### Data excerpt
----

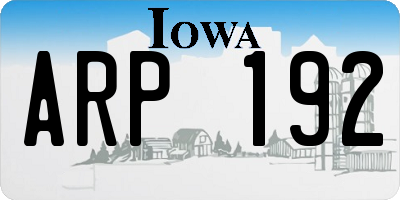 IA license plate ARP192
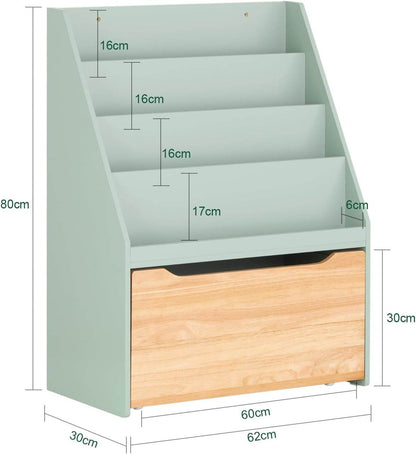 Kinder Bücherregal | Spielzeugtruhe | Aufbewahrungsregal Kinderzimmer | Grün-Natur - Palo24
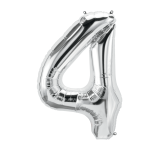 14" Silver Number "4"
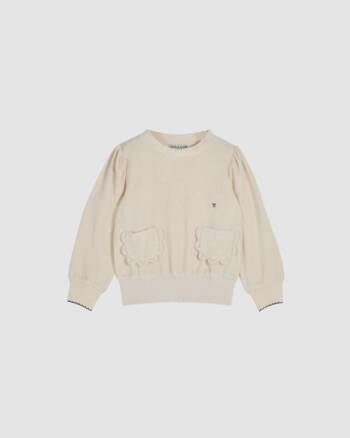 Sweat - Éponge - Poches - Fleurs Crème - Enfant - Émile et Ida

----

### Activity
Please leave the images out and retype the rest of the material exactly.

### Written reply
 IA license plate ARP192
 Kinder Bücherregal | Spielzeugtruhe | Aufbewahrungsregal Kinderzimmer | Grün-Natur - Palo24
 14" Silver Number "4"
 Sweat - Éponge - Poches - Fleurs Crème - Enfant - Émile et Ida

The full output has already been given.